* What to do: Please restate all of the records word for word, setting the pictures aside.

Scraped caption text data:
- - -
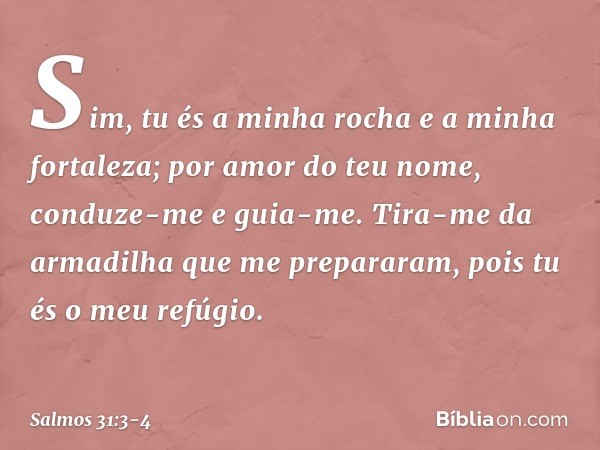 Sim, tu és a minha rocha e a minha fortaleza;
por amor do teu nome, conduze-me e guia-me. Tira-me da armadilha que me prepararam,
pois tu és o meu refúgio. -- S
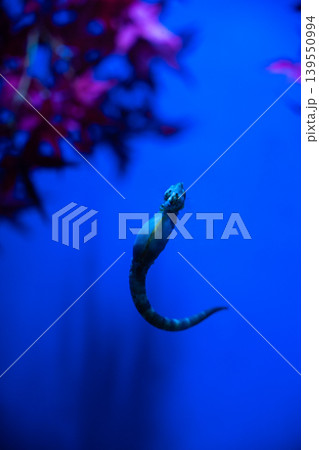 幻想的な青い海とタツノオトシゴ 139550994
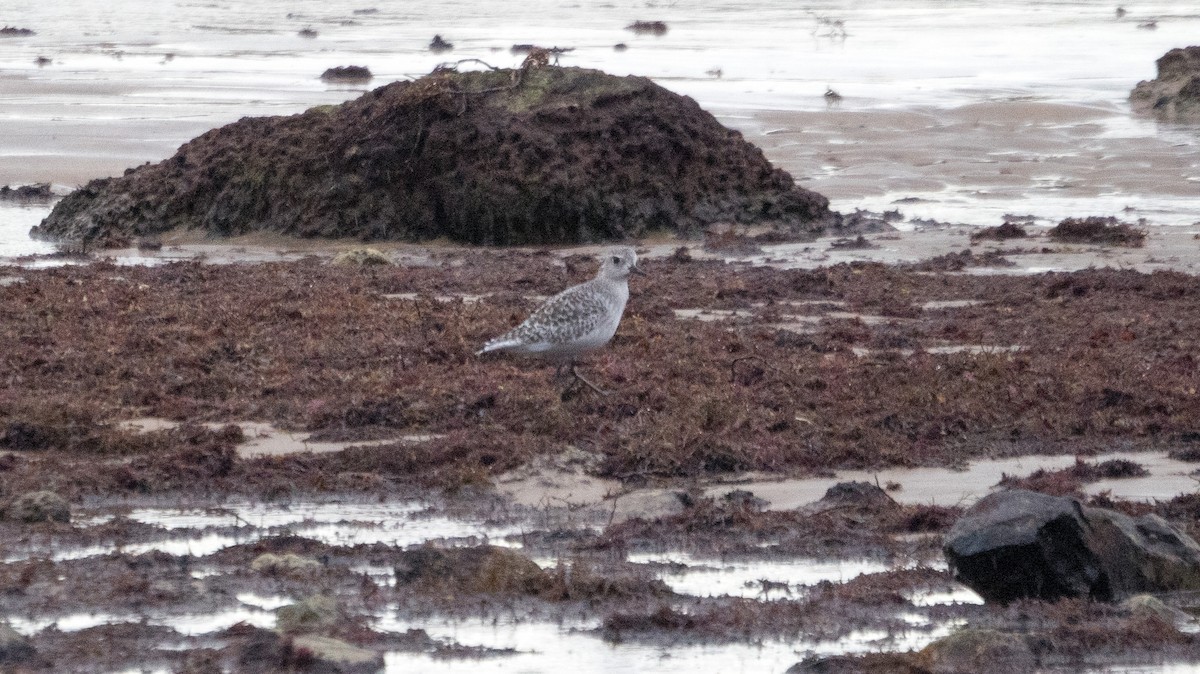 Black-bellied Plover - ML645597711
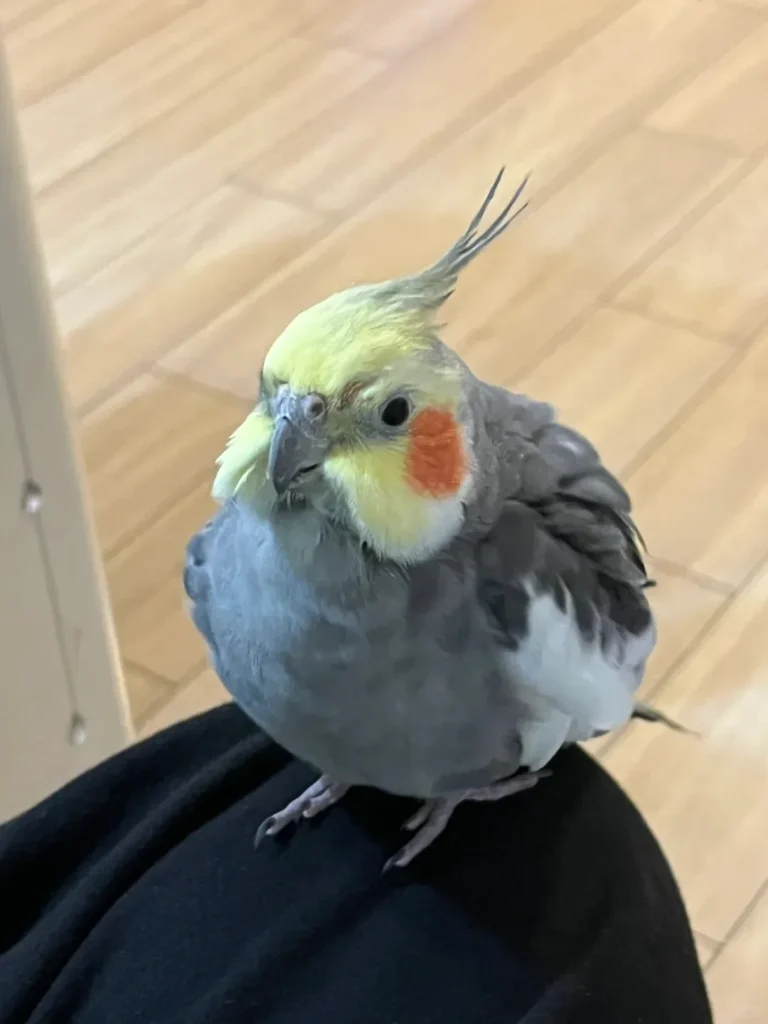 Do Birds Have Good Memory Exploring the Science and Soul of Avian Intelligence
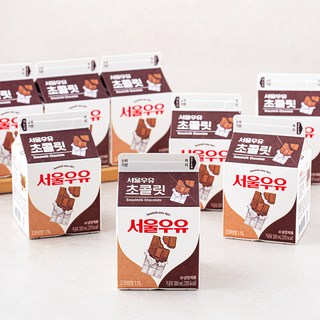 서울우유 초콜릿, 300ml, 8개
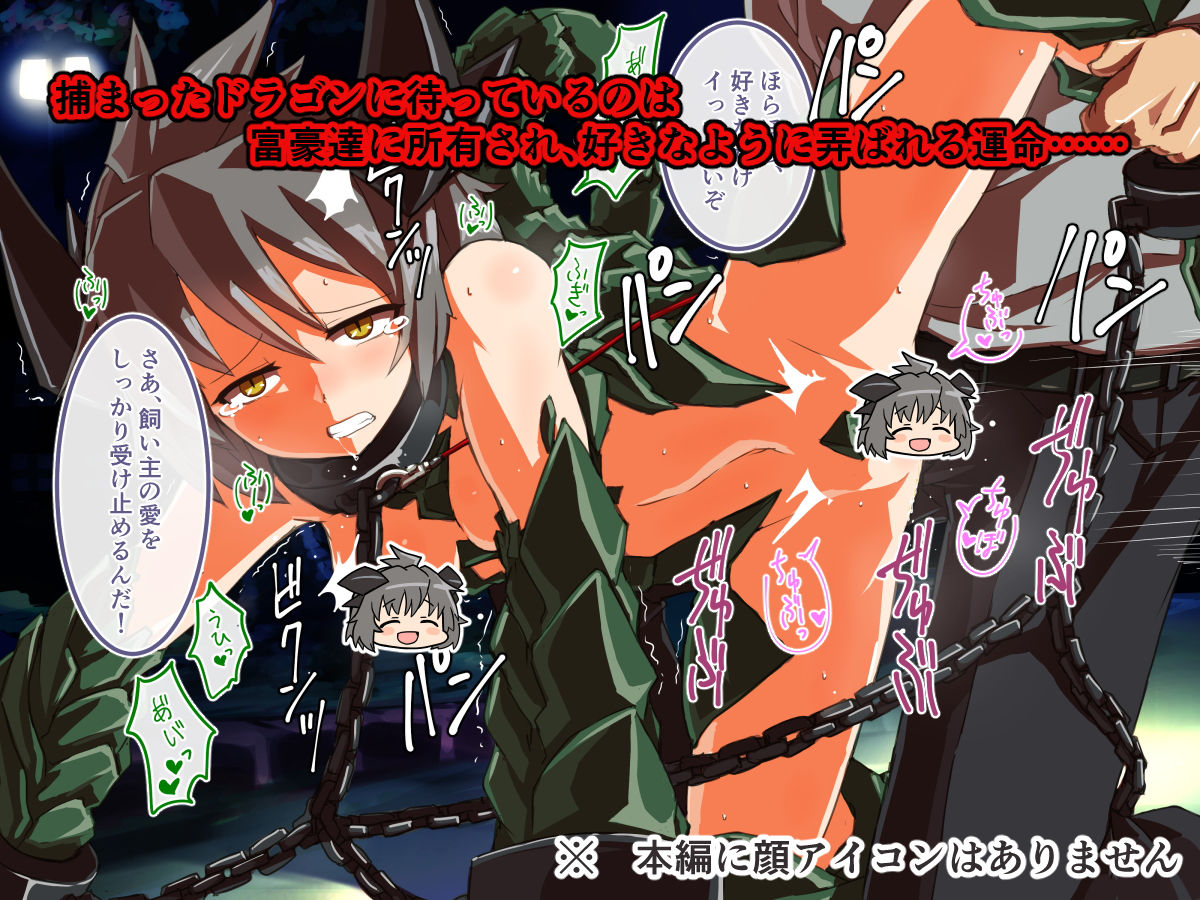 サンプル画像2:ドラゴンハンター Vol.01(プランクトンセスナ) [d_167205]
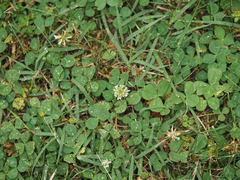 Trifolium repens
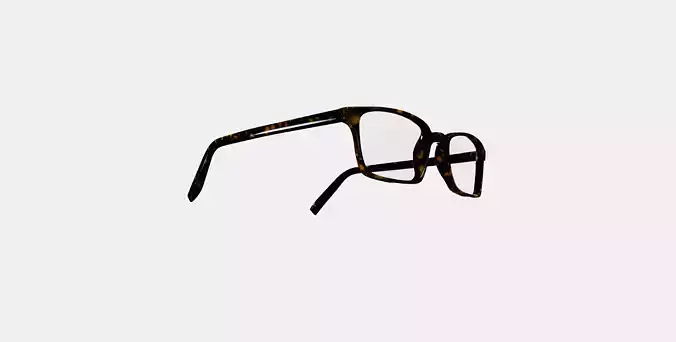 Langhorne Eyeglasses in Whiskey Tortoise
- - -
* Exercise answer:
 Sim, tu és a minha rocha e a minha fortaleza;
por amor do teu nome, conduze-me e guia-me. Tira-me da armadilha que me prepararam,
pois tu és o meu refúgio. -- S
 幻想的な青い海とタツノオトシゴ 139550994
 Black-bellied Plover - ML645597711
 Do Birds Have Good Memory Exploring the Science and Soul of Avian Intelligence
 서울우유 초콜릿, 300ml, 8개
 サンプル画像2:ドラゴンハンター Vol.01(プランクトンセスナ) [d_167205]
 Trifolium repens
 Langhorne Eyeglasses in Whiskey Tortoise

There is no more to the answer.